PEP 741: Python Configuration C API (second version)

I prepared a draft updating PEP 741 to address most requested changes: PEP 741: Add sys.get_config_names() by vstinner · Pull Request #3686 · python/peps · GitHub

  • Add sys.get_config_names() function.
  • Add PyInitConfig_HasOption() function.
  • Remove Py_ExitWithInitConfig() function.
  • Add “Fully remove the preinitialization” section.
  • Mention when the caller must hold the GIL.
  • Add example increasing an initialization configuration option.
  • “Usage of the stable ABI” section: add more quotes.
  • Document that options side effects are not taken in account by PyInitConfig_Set*() functions.

What do you think of these changes?

With sys.get_config_names(), I’m not sure that it’s strictly needed to have a public PyConfig_Keys() function. One call call sys.get_config_names() in C, no? PyConfig_Get() is different: it’s designed to be efficient and I expect that it will be more commonly used, so having to import sys is not convenient.

I don’t pretend to fulfit all requests of everybody, since there are incompatible requests like “remove PyInitConfig_GetInt()” whereas others want this function :slight_smile: I only tried to summarize the discussion.

I haven’t had a chance to get back to this discussion, partly because I haven’t felt like my thoughts about it are organized enough to be helpful. I still have a sense of unease though.

In the interest of giving myself a clearer picture, I took a couple days to do a rough analysis relative to the existing PyConfig and runtime init/fini: Python Config - Google Sheets. The spreadsheet isn’t especially thorough, but it has already helped me feel a little more confident about this stuff.

(FYI, I’ve also been putting together a rough, high-level greenfield API design for the runtime. That’s been helping me toward a mental place where I’ll feel like I can communicate clearly about PEP 741. I’ll probably reply properly then.)

1 Like

Interesting. There are around 81 configuration options (PyPreConfig, PyConfig, PyInterpreterConfig). Should I include PyInterpreterConfig options in PyInitConfig? If yes, maybe some options should be read-only?

Each interpreter has its own sys.argv, and you can imagine to run an interpreter just to execute a command passed in argv, no?
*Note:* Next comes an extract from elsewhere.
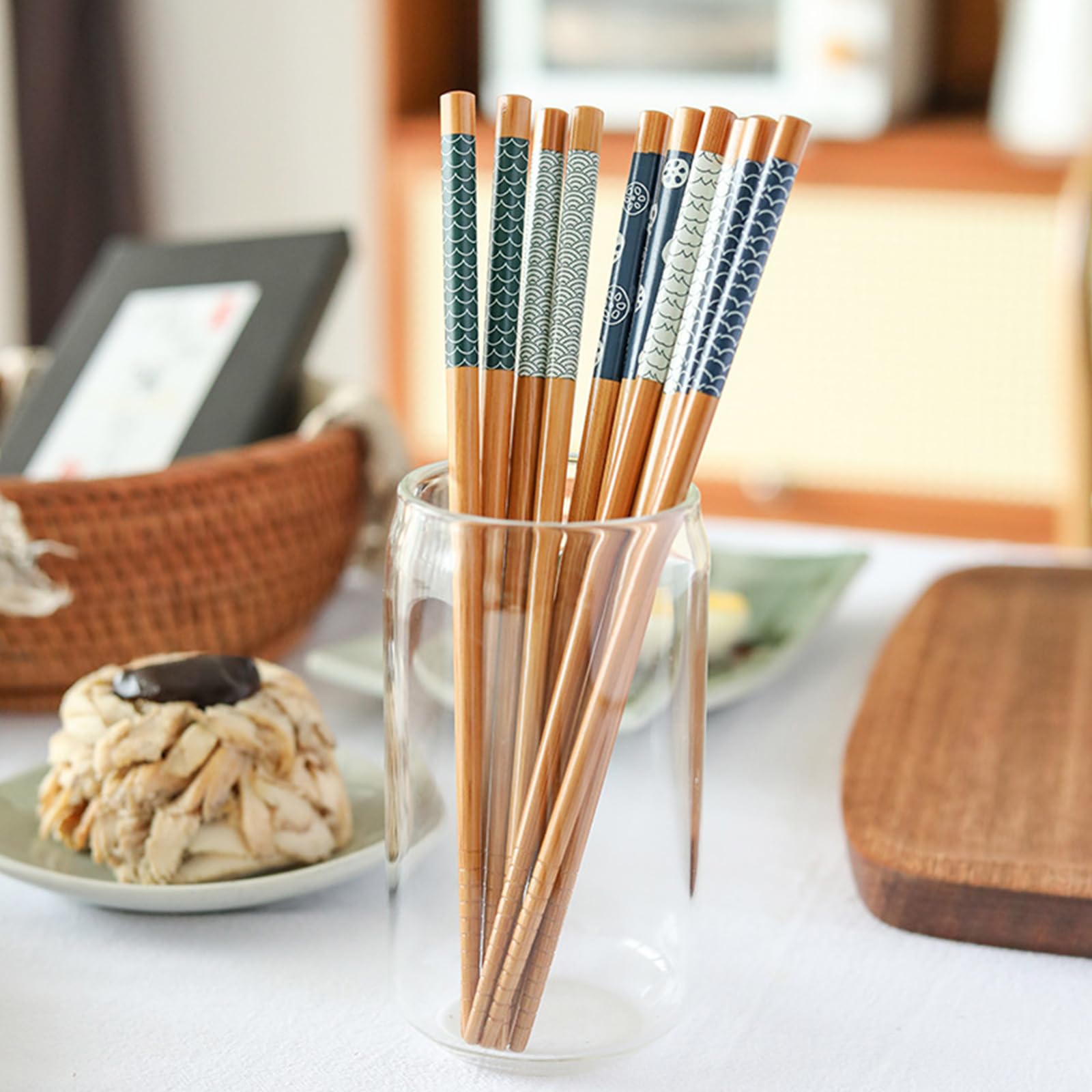 5 Pairs Natural Bamboo Reusable Chopsticks with Gift Box, Non-slip Chopstick Gift Set for Sushi Rice Noodles, Chinese Japanese Tableware, 8.86 Inches/22.5cm, Blue Magnolia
But you wrote “Main” in the “conceptual” column.

PEP 741 proposes to put everything all together and don’t bother if some config options no longer make sense (to be read by sys.get_config()) at runtime. It’s “just” an unified API to “configure Python options”.

Pretty much all my questions here are ones the PEP did not answer. If they were answered in discussion threads then please update the PEP with a summary of the information.
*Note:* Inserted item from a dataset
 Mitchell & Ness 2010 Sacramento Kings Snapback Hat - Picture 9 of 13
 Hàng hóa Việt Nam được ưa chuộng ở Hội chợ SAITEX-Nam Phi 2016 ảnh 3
There are three groups of users here:

  • embedders using Py_InitializeFromConfig()
  • other embedders (including those using Py_Main())
  • everyone else

The first group of embedders should already have the config, so they shouldn’t need a copy of it later. That they might need it implies that the initialization API is flawed. I’d rather we fix those flaws than add a new API to expose the config.
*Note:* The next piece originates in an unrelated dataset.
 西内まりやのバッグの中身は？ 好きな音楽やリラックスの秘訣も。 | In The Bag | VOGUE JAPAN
The second group doesn’t already have the config, but arguably we should make it easier for them to be in the first group. If that isn’t an option then we need to make sure they have access to all the relevant runtime state.

(For both embedder groups, exposing the config API in the stable ABI certainly adds a wrinkle, but I’d argue against a single monolithic config API.)

The third group (other users) should be able to query the current state of the runtime. If there’s some part of that state they can’t access then we should fix that. This makes even more sense if we stop using the config after initialization, i.e. copy all needed values into the runtime state during init.

If there is still value to preserving and exposing the config used during init then to me it would make sense to have something like sys.get_config() which would return a dict with the config values. That could provide a fallback to users for values that don’t have explicit API.

(I would still argue that it would be more appropriate as something like sys.get_state() and avoid any relationship with “config”.)

Yeah, we should only modify state. The config should only represent how the runtime was initialized.

This is a strong argument for adding something like _PyRuntimeState.verbose and/or PyInterpreterState.verbose. It would be a mistake to allow users to modify the config to change some behavior.

That’s something we should fix. All such values should be copied into the runtime/interpreter state during init.

If you mean PyConfig_Get() would still be used to get the value from the runtime/interpreter state, then the function name should probably use a different word than “config”.

The only value would be to core devs debugging the runtime initialization code. However, it shouldn’t be necessary even for that. We could probably get rid of it.

I’m saying, why does each interpreter need to keep information about how the runtime was initialized? That’s unnecessary duplication.

Of course, the point is irrelevant if we don’t need to preserve any config at all.

That sounds like a challenging user interface. How will a user know which parts of the runtime state are exposed via this API and which are exposed through some other existing API? Would we expose all state through the new API?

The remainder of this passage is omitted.